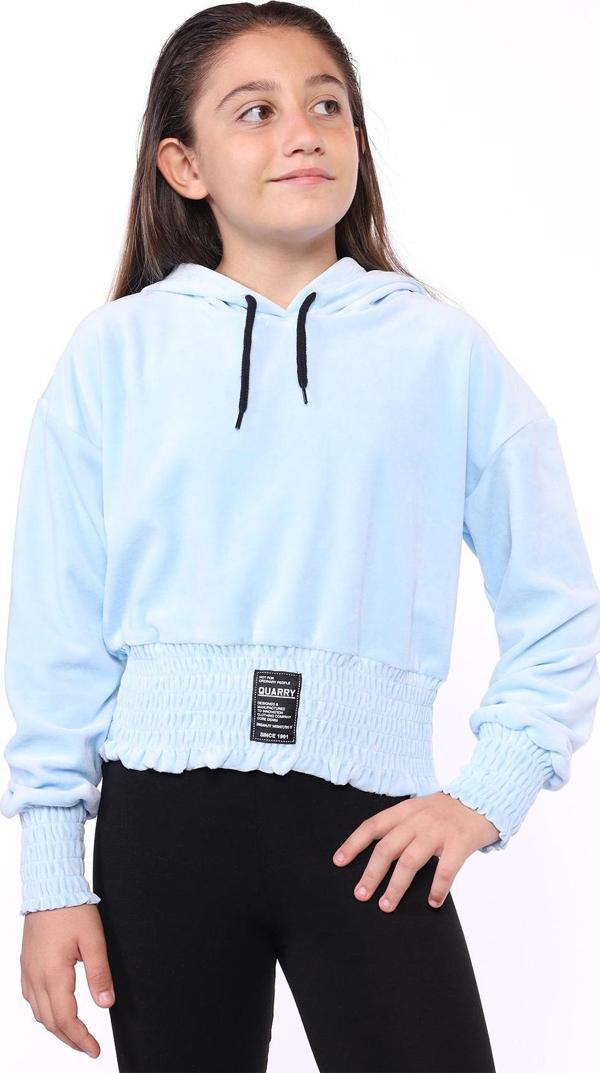 Toontoy Kız Çocuk Kapüşonlu Kadife Sweatshirt - Image 1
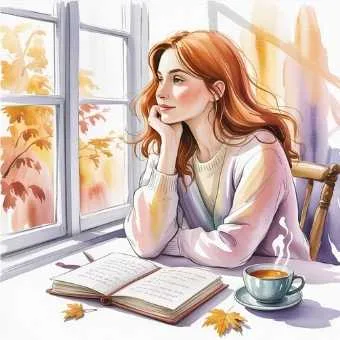 Watercolor illustration of a woman reflecting gently on her year during a year end life audit.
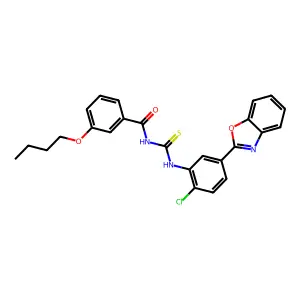 N-[[5-(1,3-benzoxazol-2-yl)-2-chlorophenyl]carbamothioyl]-3-butoxybenzamide structure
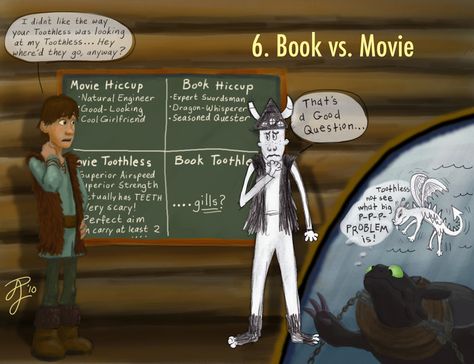 HTTYD movie vs HTTYD books Book Toothless and Movie Toothless in corner Httyd Book Fanart, Book Toothless, How To Train Your Dragon Fanart, Httyd Characters, Always Movie, Httyd Books, Books Vs Movies, Httyd Funny, Httyd Hiccup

Problem requirements> Would you reproduce the listing above exactly, without any of its images?

Solution for this task>
 Toontoy Kız Çocuk Kapüşonlu Kadife Sweatshirt - Image 1
 Watercolor illustration of a woman reflecting gently on her year during a year end life audit.
 N-[[5-(1,3-benzoxazol-2-yl)-2-chlorophenyl]carbamothioyl]-3-butoxybenzamide structure
 HTTYD movie vs HTTYD books Book Toothless and Movie Toothless in corner Httyd Book Fanart, Book Toothless, How To Train Your Dragon Fanart, Httyd Characters, Always Movie, Httyd Books, Books Vs Movies, Httyd Funny, Httyd Hiccup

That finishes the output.